I know what you are going to say: "You can have it fast, cheap, or accurate, just pick two". This is very true and must be taken into account when tackling the ugly job of measuring security. In the example of the 4 month project, setting an expectation of a 1 week ROI to give ball-park accuracy may be entirely acceptable to management. They get what they need to make a go/no-go decision and the analyst does not waste effort on over-kill.

Beware the frustration inherent in trying to achieve accuracy to the second decimal place (or any other ridiculous granular measure). It is a mirage you will never grasp. Methods in measuring information security value are still in their infancy. No silver bullet exists which delivers precise results and applies to all situations. Know the situational limitations and align the analysis with the business decision trying to be made.

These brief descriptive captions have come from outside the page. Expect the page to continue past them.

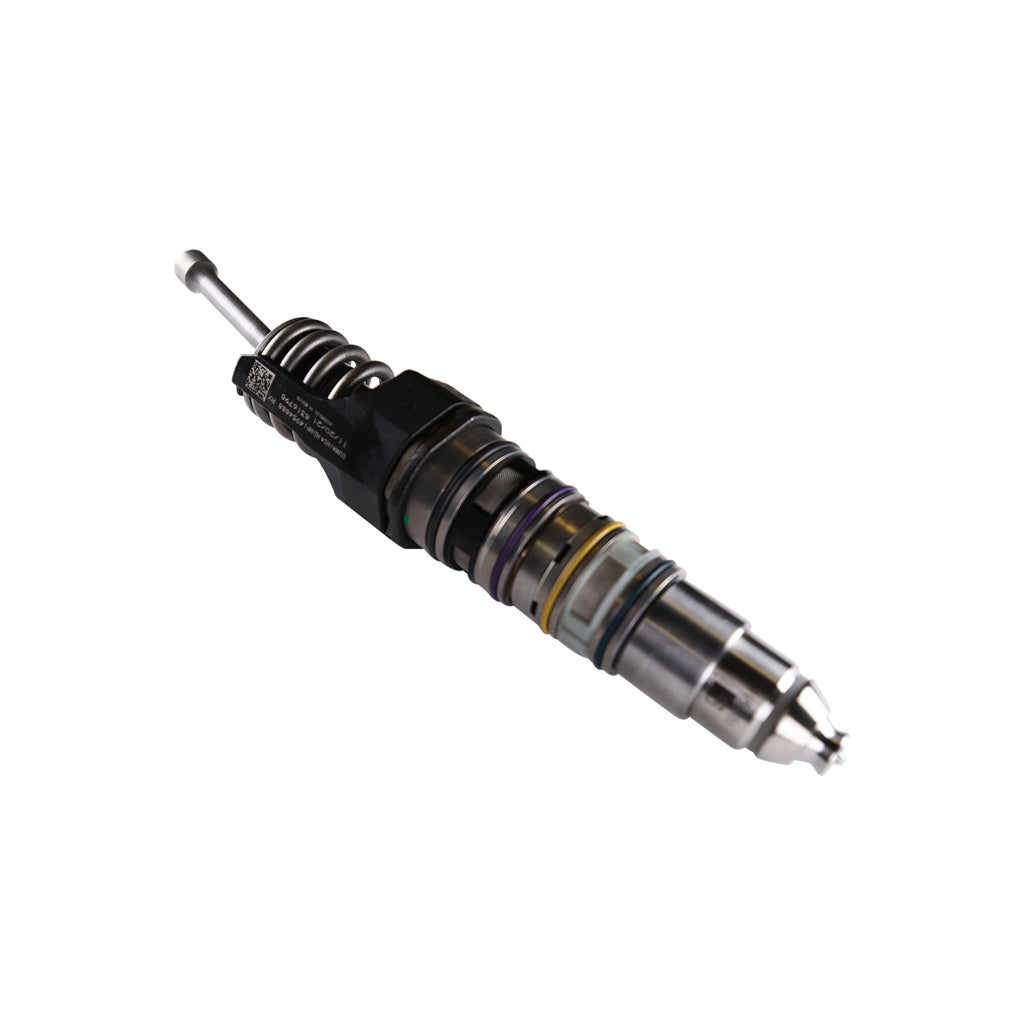 4954888RX Cummins - Parts Reman Fuel Injector, Cummins ISX
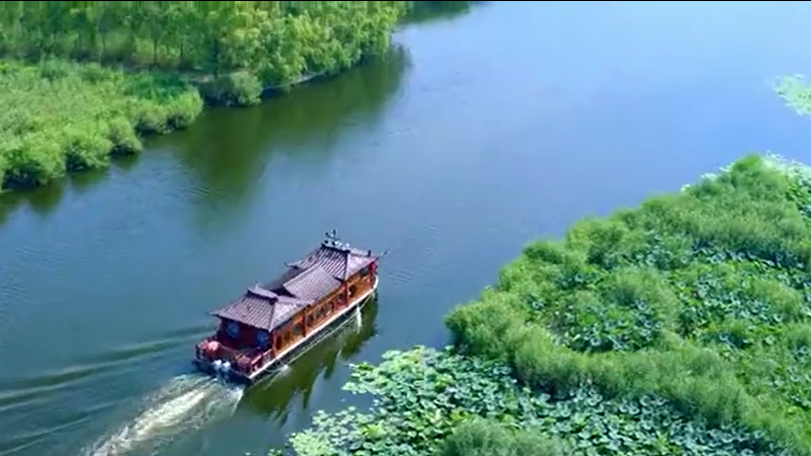 瓣瓣同心，協奏共贏！《思想的田野》河北篇將于近期播出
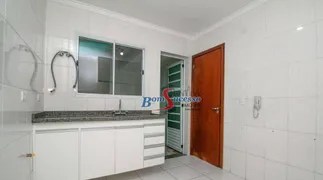 Casa de Condomínio com 3 Quartos à venda, 132m² no Penha, São Paulo - Foto 8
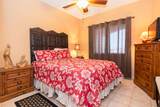 401 Princesa - Photo 27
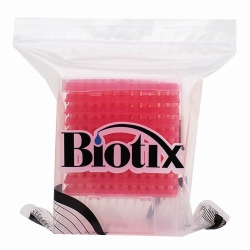 Pipettenspitzen Pure Resin uTIP&trade;, PP, CleanPak&trade; Reloads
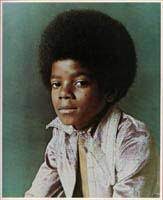 A collection of the top 52 michael jackson wallpapers and backgrounds available for download for free. Picture Of Michael Jackson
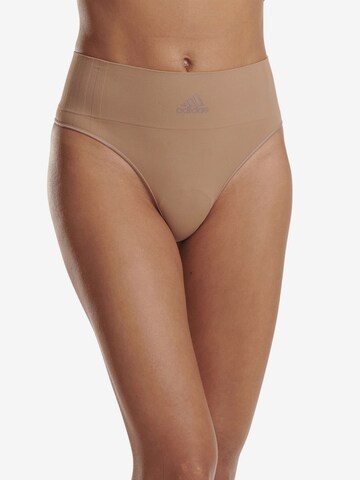 ADIDAS ORIGINALS Thong ' Sport Active Seamless ' in Mixed colors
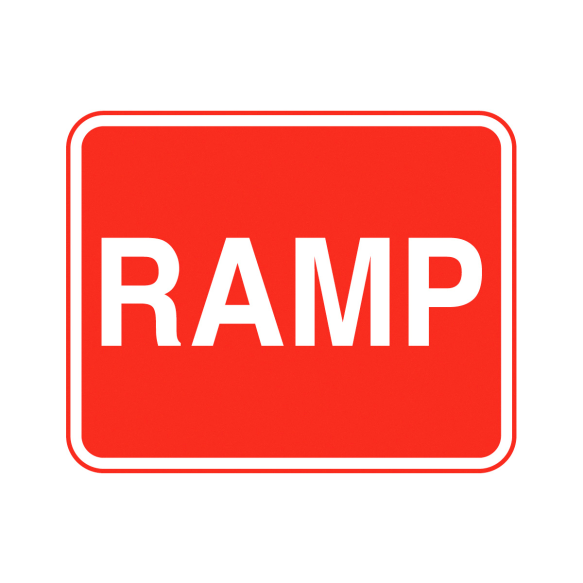 ramp-safety-sign-p3084-118248_zoom.jpg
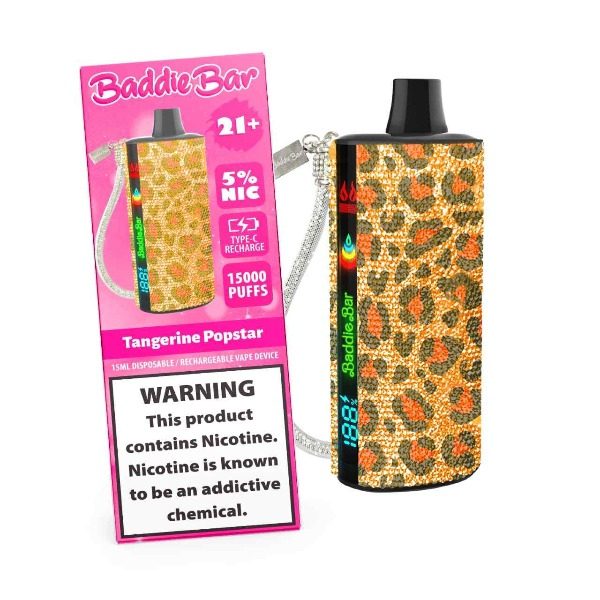 bdb-15k-puff-disp-tangerine-popstar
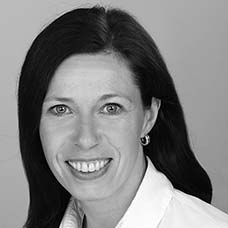 Urbanantonia Urbanantonia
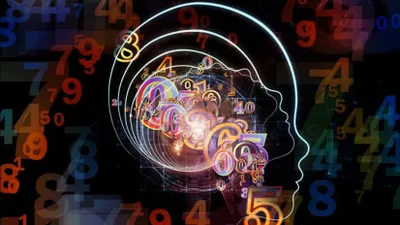 Создан искусственный интеллект, способный обучаться, как ребенок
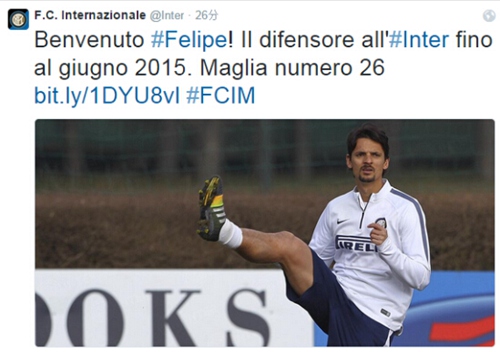 “这才是真正的足球”，特朗普提议给美式橄榄球改名（特朗普建议美式橄榄球改名：称“真正的足球”另有所指）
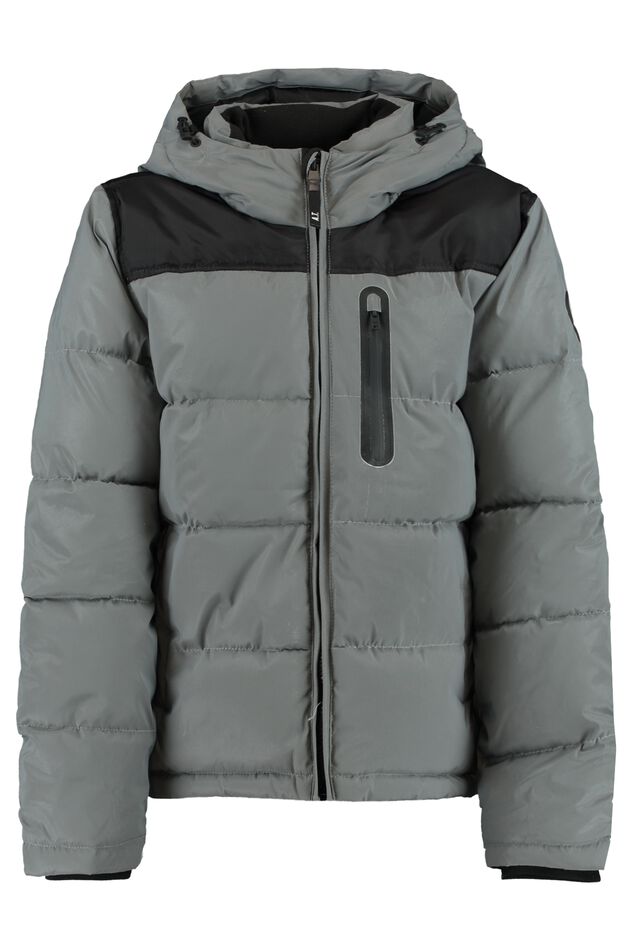 Winterjacke Jax Jr image number 4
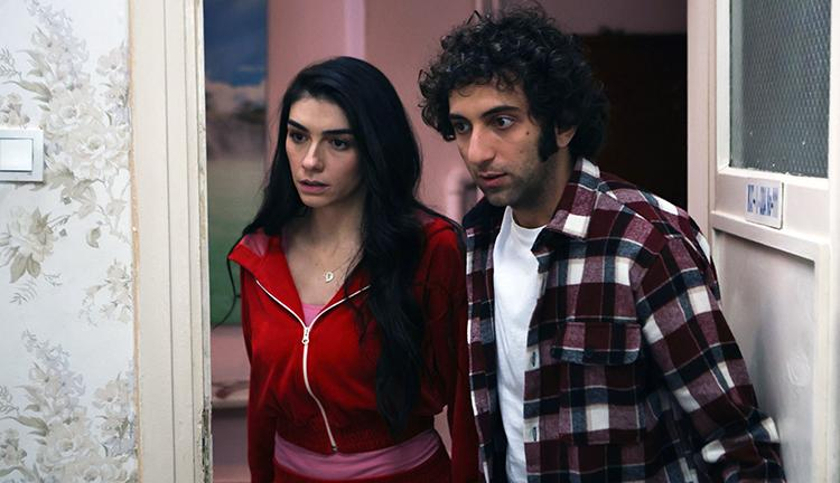 İnci Taneleri'nde fırtına öncesi sessizlik!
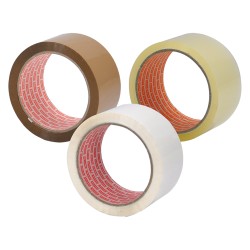 nastro-per-imballaggio-mm-48-x-mt-66-avana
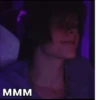 MMM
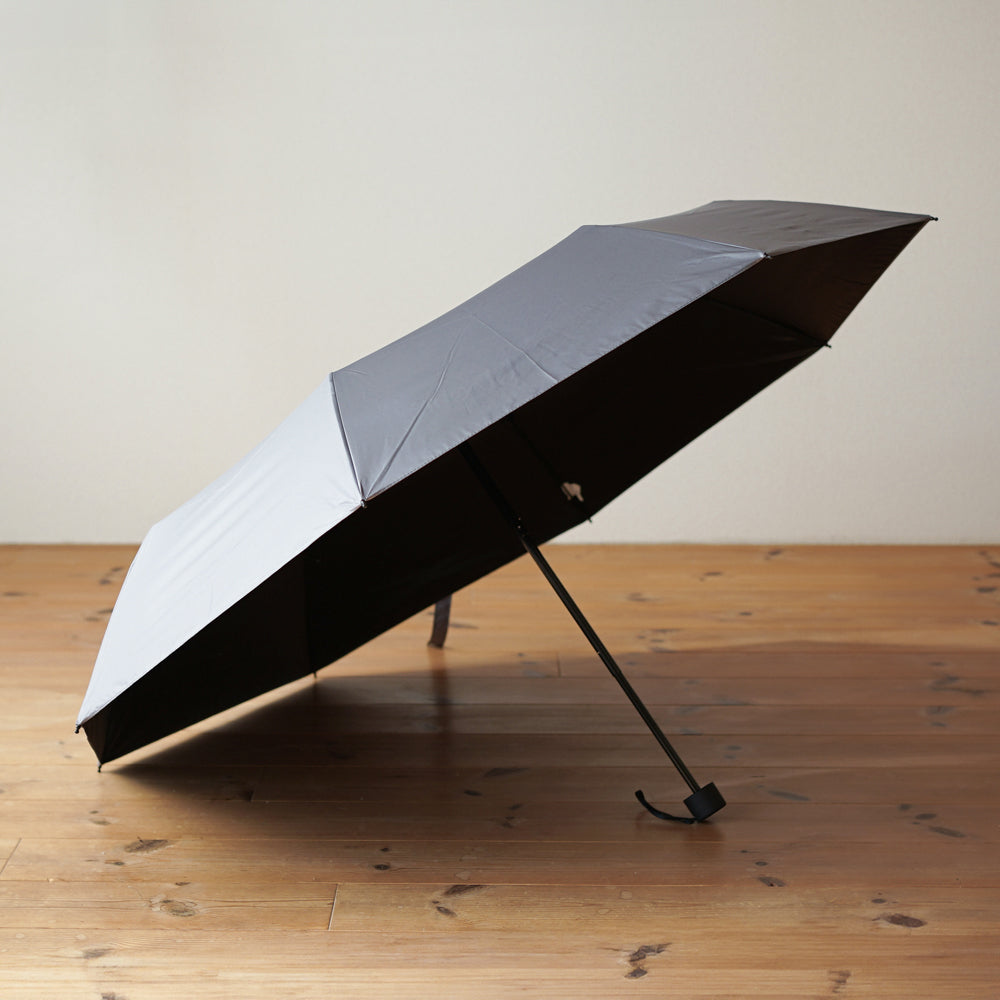 Wind resistant 60cm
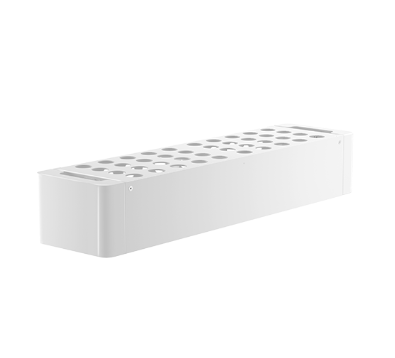 Goodwe  Wandmontage-Rack für Lynx Home D 5.0-10  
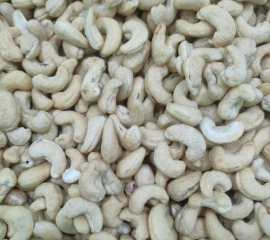 Hạt Điều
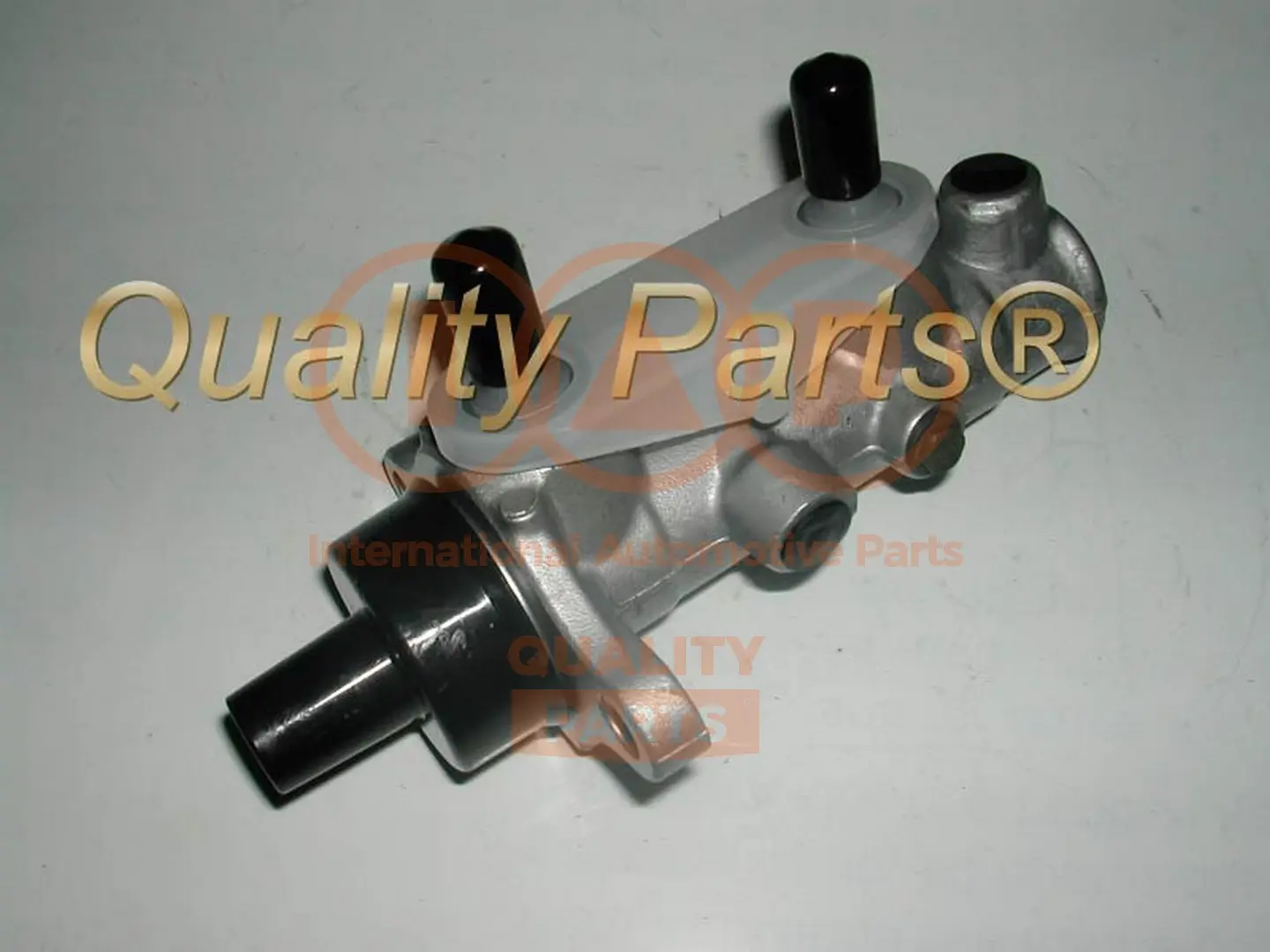 Спирачна помпа IAP QUALITY PARTS   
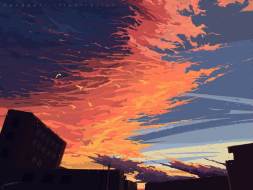 Image for 93677010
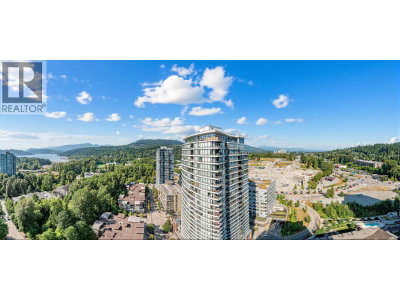 305 MORRISSEY Road | Port Moody British Columbia | Slide Image Two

Understanding what is needed is the first step of any security measurement endeavor. Having discussions early on regarding the scale of accuracy, how the output will be formatted (dollars, MTTR, compliance to regulations, etc.), and a timeline for completion will set clear expectations and avoid the "bring me a rock" situations.

My advice is to apply the Security Judo mantra:

"Exert the minimum amount of enercy necessary to achieve the security business objective" kungfu.jpg

Principles of good planning and project management apply to measuring security. Don't go overboard and calculate the exact strength of a hurricane if management only wants to know if they should take an afternoon pleasure cruise.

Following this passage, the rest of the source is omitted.